Je ne suis pas « réaliste»  ? Ils le sont eux ? Ce sont eux les « courageux » ? Les raisonnables ? Qui livrent nos emplois, nos services publics, la protection sociale des peuples européens, à l’avidité insensée des actionnaires mondialisés ? 

La justice de la fiscal… « Halte à la spoliation ! », hurlent-ils déjà. La justice, n’en déplaise à certains, n’est pas spoliatrice, c’est l’injustice qui l’est. Il n’y a qu’à regarder autour de nous.

Des spoliés, il y en a plus de huit millions en France. 12% de la population. Plus de huit millions. Plus de la population totale de la Suisse. Ou de Kinshasa. Oui, Kinshasa dispersée à la surface de notre douce France. Alors, oui, les habitants de Kinshasa-en-France, eux, peuvent parler de spoliation. Il y en aura des choses à faire, à exiger, à obtenir. A détruire, ce qui est facile, à construire, ce qui est difficile. Il la faudra cette banque dont parlent les Economistes atterrés (1). Dont parlait déjà Ségolène Royal. Une grande banque publique pour le développement économique et social. « Impossible », répètent en ricanant les si savants propriétaires du pouvoir. Et pourquoi pas ? Au Brésil une telle banque existe, elle est financée sur une taxe annuelle, très légère, sur le chiffre d'affaire des entreprises ; en France cette taxe pourrait porter sur les profits ou les transactions financières. Un tel outil permettrait de sauver et de créer de nombreux emplois, certains de ces emplois engageant du même coup la reconversion écologique de l’économie de notre pays.

Il faudra donner aux salariés des droits sur les choix stratégiques de leurs entreprises. Ils sont les premiers concernés

Il faudra mettre en œuvre un salaire minimum européen. Il le faudra ce titanesque effort, ce New Deal, ce Nouveau Pacte, ce Nouveau Contrat, appelez cela comme vous voulez, ces programmes « rooseveltiens » axés sur des emplois d'utilité publique. Une partie d'entre eux devra porter sur la rénovation des banlieues.

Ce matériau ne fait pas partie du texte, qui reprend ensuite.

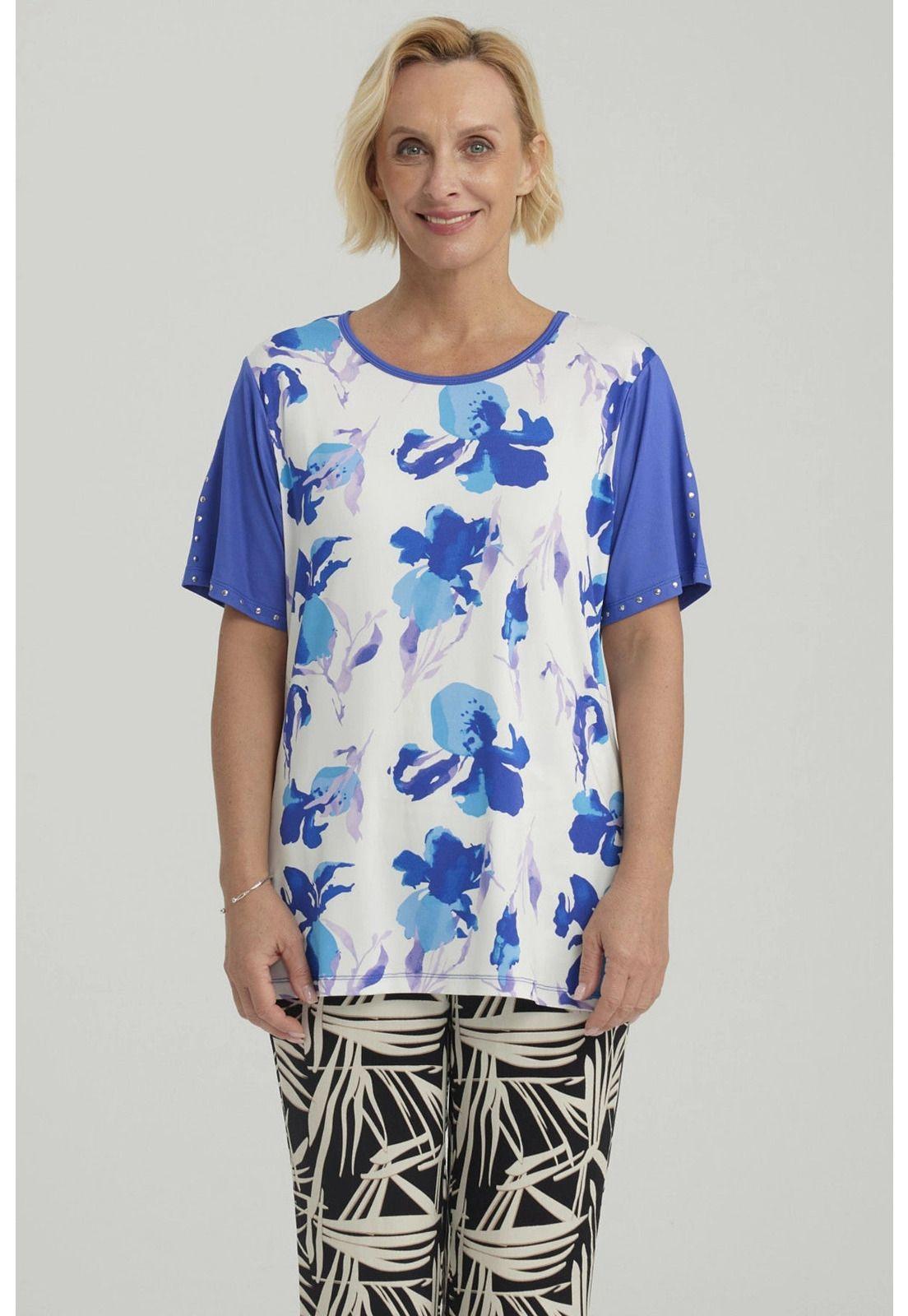 Polera Mujer Cruce Cuello Azulino-0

On fera d'une pierre deux coups : former au travail les jeunes de ces quartiers, en faire ainsi les premiers artisans de la rénovation de leur propre cadre de vie. Il va falloir. Il faudra. Il faudra.

Il le faudra, il le faudra à nouveau, ce combat de David contre Goliath. Qui ne commencera qu’après les élections. 

Mais pour le mener ce combat terrible, il faut d’abord gagner ces élections. Je voterai nécessaire. Je voterai indispensable. Je voterai Hollande. Parce qu’il faut gagner cette fois-ci et prendre la responsabilité de gouverner. La gauche radicale aura, d’ici là, conquis du terrain dans les sondages et probablement distancé le Front national dans les sondages, ce qui sera une très grande et très réjouissante chose. Elle pourra désormais, par le nombre de députés que sans aucun doute elle saura faire élire, avoir un groupe à l’Assemblée, et inspirer, éclairer, aiguillonner les propositions de l’exécutif, et stimuler les décisions du Parlement ce qui sera une très importante et précieuse chose.

En attendant, il faut gagner. Je voterai Hollande.  » 


Ariane Mnouchkine est née le 3 mars 1939. Metteur en scène de théâtre, elle a fondé le Théâtre du Soleil qu’elle continue d’animer.